Getting Started with the latenetwork Package • latenetwork

Introduction

The latenetwork package provides tools for causal inference under noncompliance with treatment assignment and network interference of unknown form. The package enables to implement the instrumental variables (IV) estimation for the local average treatment effect (LATE) type parameters via inverse probability weighting (IPW) using the concept of instrumental exposure mapping (IEM) and the framework of approximate neighborhood interference (ANI).

The parameters of interest are as follows.

The average direct effect (ADE) parameters:
- The ADE of the IV on the outcome.
- The ADE of the IV on the treatment receipt.
- The local average direct effect (LADE).
The average indirect effect (AIE) parameters:
- The AIE of the IV on the outcome.
- The AIE of the IV on the treatment receipt.
- The local average indirect effect (LAIE).
The average overall effect (AOE) parameters:
- The AOE of the IV on the outcome.
- The AOE of the IV on the treatment receipt.
- The local average overall effect (LAOE).
The average spillover effect (ASE) parameters:
- The ASE of the IV on the outcome.
- The ASE of the IV on the treatment receipt.
- The local average spillover effect (LASE).

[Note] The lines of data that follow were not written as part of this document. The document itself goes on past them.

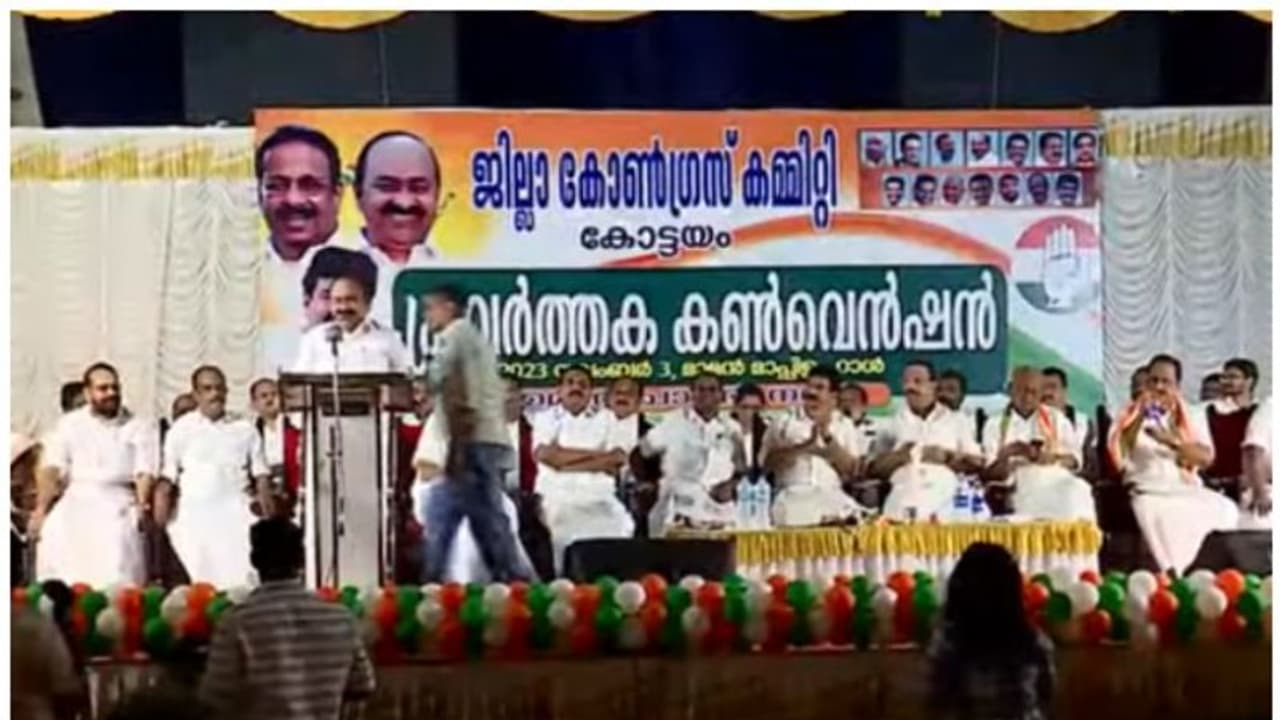 കോട്ടയം സീറ്റിലെ സ്ഥാനാർഥി നിർണയം; ജോസഫ് ഗ്രൂപ്പിലെ പരസ്യതർക്കങ്ങളിൽ കോൺഗ്രസിന് അതൃപ്തി കോട്ടയം സീറ്റിലെ സ്ഥാനാർഥി നിർണയം; ജോസഫ് ഗ്രൂപ്പിലെ പരസ്യതർക്കങ്ങളിൽ കോൺഗ്രസിന് അതൃപ്തി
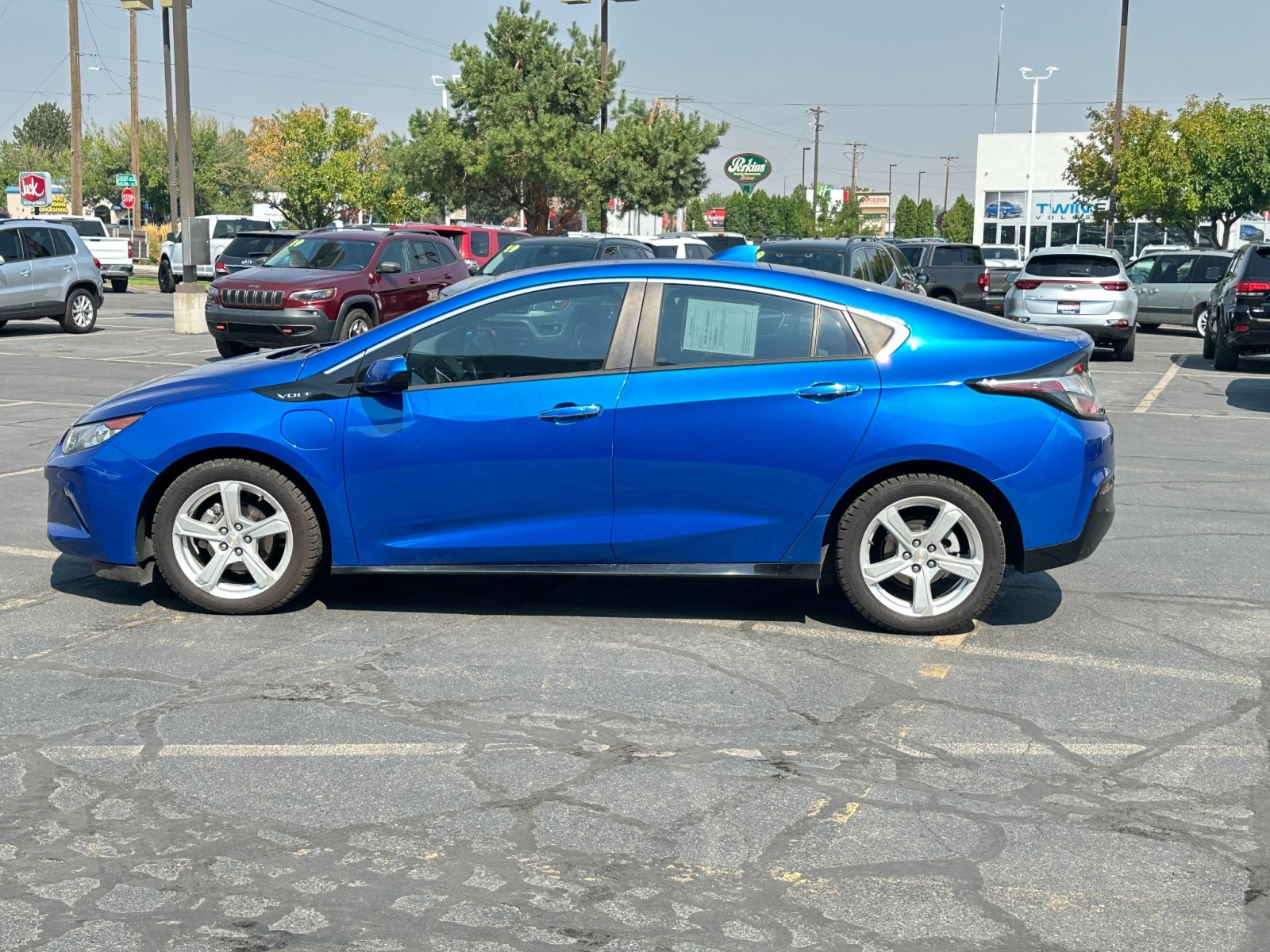 2017 Chevrolet Volt LT 9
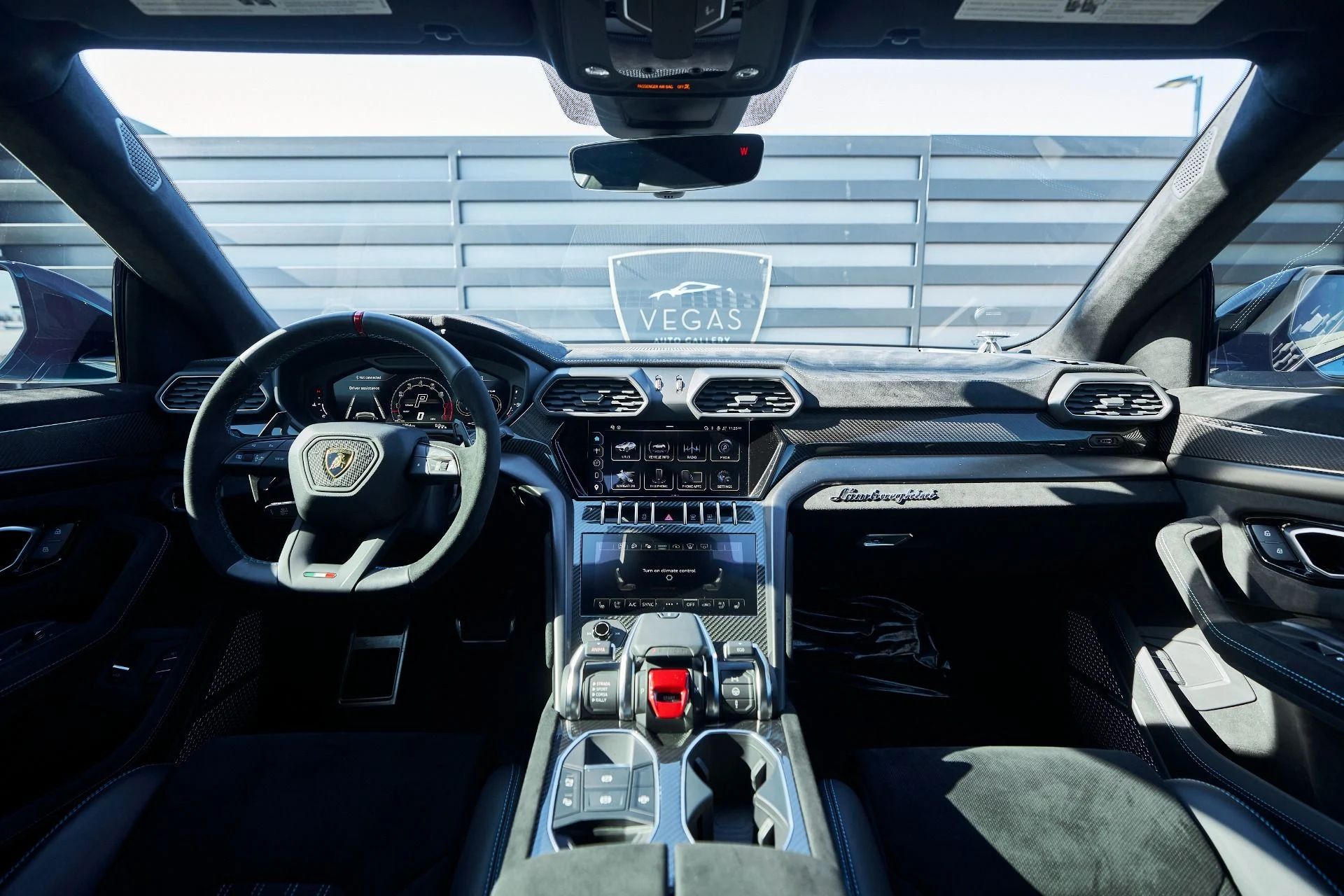 mph058_4193537185_Used_2024_Lamborghini_Urus_Performante_1764957676_4c6913aed0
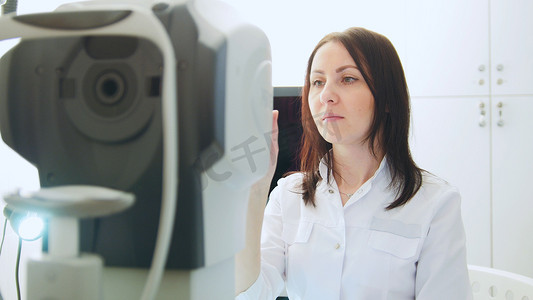 眼科诊所的眼科医生为患者进行诊断 — 医学高科技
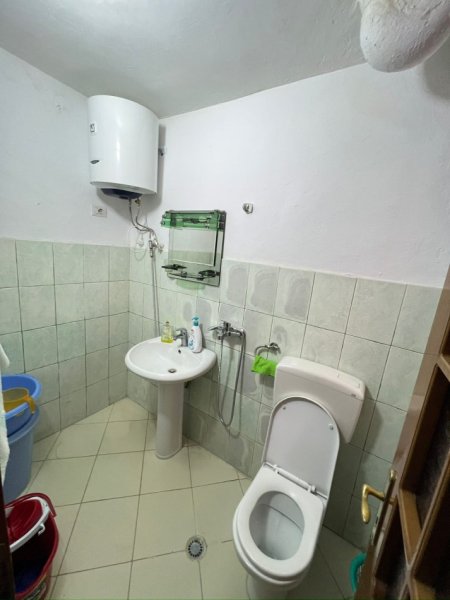 Tirane, jap me qera apartament 1+1+Ballkon Kati 3, 80 m² 500 € (Rruga Margarita Tutulani)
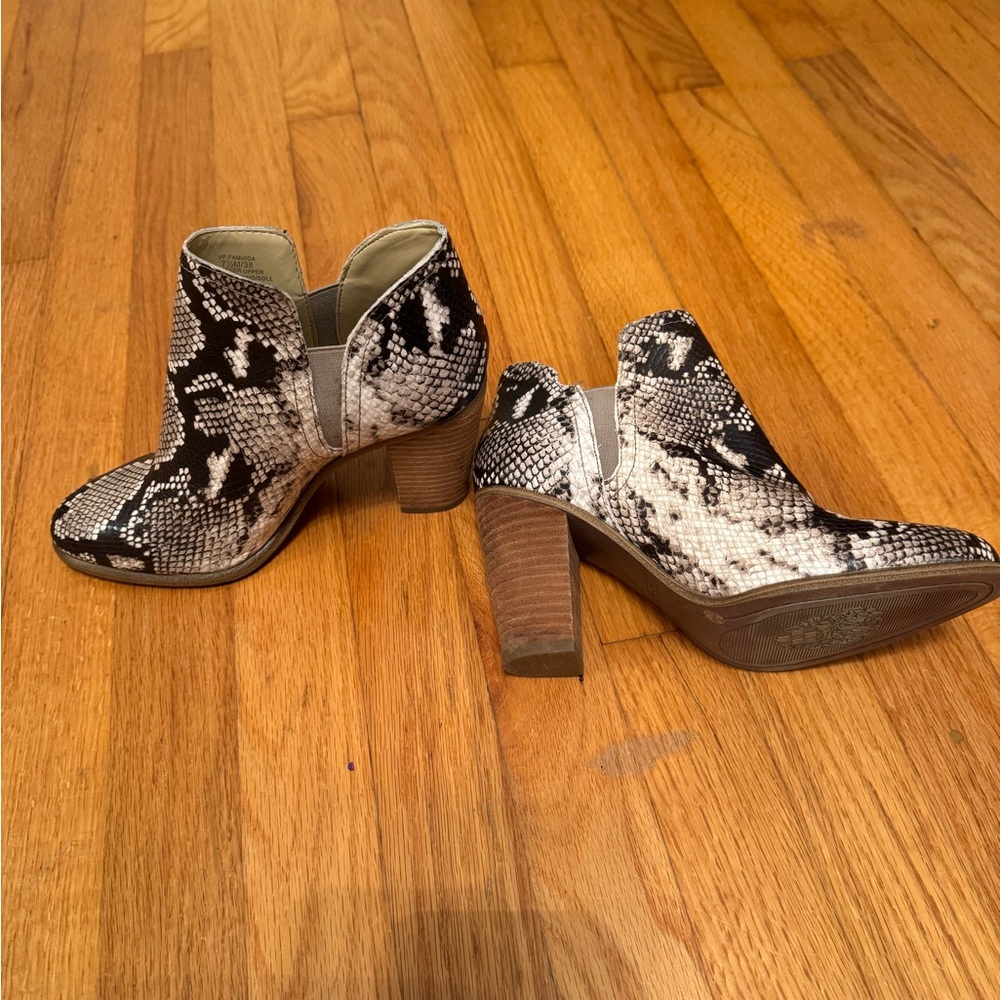 Vince Camuto 7.5 Ankle Boot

For more details on the identification and estimation methods, see the “Review of Causal Inference with Noncompliance and Unknown Interference” vignette with: vignette("review", package = "latenetwork").

Installation

Get the package from CRAN:

install.packages("latenetwork")

or from GitHub:

# install.packages("devtools") # if needed
devtools::install_github("tkhdyanagi/latenetwork", build_vignettes = TRUE)

Functions

The latenetwork package provides the following functions:

direct(): Estimation and statistical inference for the ADE parameters.
indirect(): Estimation and statistical inference for the AIE parameters.
overall(): Estimation and statistical inference for the AOE parameters.
spillover(): Estimation and statistical inference for the ASE parameters.

Arguments

All package functions have the following arguments:

Y: An n-dimensional outcome vector.
D: An n-dimensional binary treatment vector. Set D to the same argument as Z if you would like to perform the intention-to-treat analysis only.
Z: An n-dimensional binary instrumental vector.
S: An n-dimensional logical vector of indicating whether each unit belongs to the sub-population on which the parameters of interest are defined.
A: An n times n symmetric binary adjacency matrix whose diagonal elements are 0.
K: A scalar of indicating the range of neighborhood used for constructing interference sets. Default is 1.
bw: A scalar of bandwidth used for the HAC estimation and the wild bootstrap. If bw = NULL, the rule-of-thumb bandwidth proposed by Leung (2022) is used. Default is NULL.
B: The number of bootstrap repetitions. If B = NULL, the wild bootstrap is skipped. Default is NULL.
alp: The significance level. Default is 0.05.

The direct() function has the following additional arguments:

IEM: An n-dimensional instrumental exposure vector. If t = NULL, the constant IEM is used. Default is NULL.
t: A scalar of the evaluation point of the IEM. If t = NULL, the constant IEM is used. Default is NULL.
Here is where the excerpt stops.